I promise this is not homework which ended for me 40+ years ago.
F(x) is a strictly increasing, strictly concave, continuous unbounded function. Let’s make it twice differentiable if that helps.
Must F(x) grow like x[sup]a[/sup] in the limit? That is
Is it true that there exists an a such that lim[sub]x->inf[/sub] F(x)x[sup]-a[/sup] = constant > 0?
If not is it true that exists an a such that lim sup[sub]x->inf[/sub] F(x)x[sup]-a[/sup] = constant1 > 0 and
lim inf [sub]x->inf[/sub] F(x)x[sup]-a[/sup] = constant2 > 0?
I don’t see how to get the oscillation needed for the second without violating concavity, but my intuition seems to lead me wrong on these too often.
Terminology question: Do you mean concave upwards (i.e. f’’ > 0) or concave downwards (i.e. f’’ < 0). I’ve seen unmodified “concave” mean either of these.
The answer to your questions is “no” and “no” either way, but the counterexample is different.
The standard terminology among those who are picky is that a function f is convex if f(tx + (1 - t)y) < tf(x) + (1 - t)f(y), and concave if -f is convex. Convexity is a big deal in optimization theory, so this is fast becoming standard terminology otherwise.
Yes I meant concave the way optimizers mean it that the midpoint of the line connecting any two points lies below the function f(tx + (1-t)y)) > tf(x) + (1-t)f(y). (And if it matters the function is to be positive only). I’d like to see the counter example to that one, please. Remember f(x) is strictly increasing, strictly concave as just defined, unbounded above, and twice differentiable.
Yeah ln x would be a counter-example, and I meant to exclude it as sort of equivalent to a = 0 in my conjecture since it fits naturally there in the sequence of integrating x[sup]b[/sup] as b -> -1.
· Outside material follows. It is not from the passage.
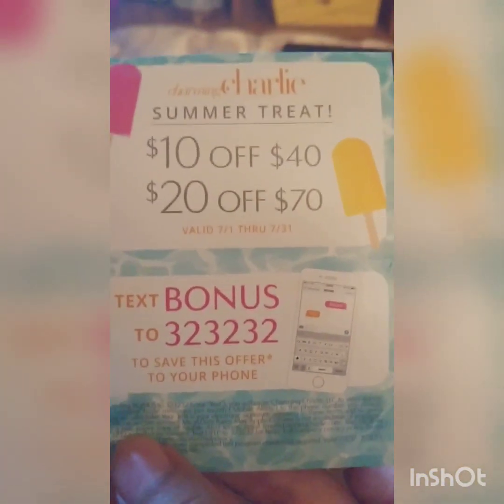Ooh, what's this? Summer Treat — $10 off $40, $20 off $70. That's cool. And this is Charming Charlie. And here's the little box. Did you see that? The Fidget Cube!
Does ln(x) (for x > 1) fit the bill? It’s second deriv is -1/x^2 which is always negative for that domain, but ln(x)/x^a for any positive a has limit zero as x -> inf.
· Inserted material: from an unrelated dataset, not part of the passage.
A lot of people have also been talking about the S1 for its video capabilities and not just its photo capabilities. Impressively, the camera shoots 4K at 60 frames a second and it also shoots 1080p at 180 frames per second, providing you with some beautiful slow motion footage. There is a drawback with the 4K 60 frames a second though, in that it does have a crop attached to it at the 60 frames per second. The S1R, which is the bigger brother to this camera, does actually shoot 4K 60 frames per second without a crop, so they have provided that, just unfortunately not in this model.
The only strictly positive concave functions are constant. This follows pretty quickly from the fact that a concave function is bounded above by any of its tangent lines.
Anyway, something that grows more slowly than the natural logarithm will qualify. If you restrict the gamma function to the ray [1, \infty) and take the inverse of that, it should work.
Yes, thank you. Late today I emailed a math student and he pointed out that
x[sup]c[/sup](log x)[sup]b[/sup] would grow faster than x[sup]c[/sup] and slower than x[sup]c+epsilon[/sup] for any b > 0 and any small epsilon and would fit my increasing concave criteria for all large enough x if 0 <= c < 1.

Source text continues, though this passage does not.